Yes, the whole fam piled into a car and drove north for a long weekend in Chicago to finally sit in the audience for the musical we’d been listening to and singing along with “Non-Stop” for over a year.

My heart started racing the moment the theater sign came into view. Our seats were nearly as high up in the balcony as it was possible to get, but we we were so excited we didn’t even notice all the stairs.

Aaron Burr stepped onto the stage with the words “How does a bastard, orphan, immigrant, son of a whore and a Scotsman, dropped in the middle of a forgotten spot in the Caribbean, by providence impoverished, in squalor, grow up to be a hero and a scholar?”

And for the next 3 1/2 hours I scarcely breathed. Literally on the edge of my seat, with tears in my eyes at every moment, I took in the movement, the costumes, the  lighting, the rhyme and rhythm, the intensely touching music and instrumentation, the deftness and piercing accuracy of word choice. All this, coupled with the heartbreaking beauty of seeing our U.S. origin story told by people of color; people who have been historically and systematically dis-included from the American dream.

I’m definitely a musical genre buff. But “Hamilton” is much more than a musical. I’m certainly not original in considering it a cultural phenomenon, a perfect expression of the zeitgeist. The line that in every performance makes the audience shout for joy, “Immigrants – we get the job done” are words of defiant healing in the face of dangerous nationalistic sentiment.

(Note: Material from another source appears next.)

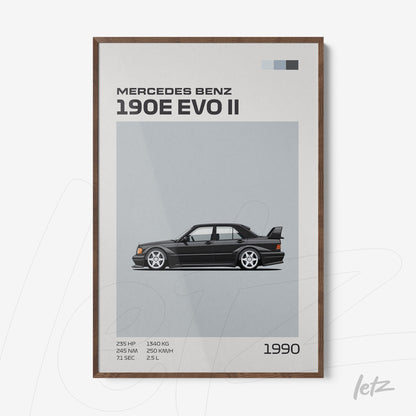 framed artwork featuring the Mercedes Benz 190E EVO II car in a light brown frame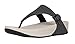 FitFlop Women's The Skinny Canvas Toe Thong Flip Flop, Black, 8 M US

It was a life experience that will be forever a touchstone.

The importance of this event was, in part, due to my joy in sharing it with the four people who mean everything to me. Knowing that it meant as much to them as it did to me. Even as my children age and naturally drift further away, this experience underscored that we’re soul mates.

It’s horribly painful to live in these days of the demise of democracy. The genius that is “Hamilton” helps us find the courage to say, “Look around, look around…at how lucky we are to be alive right now.”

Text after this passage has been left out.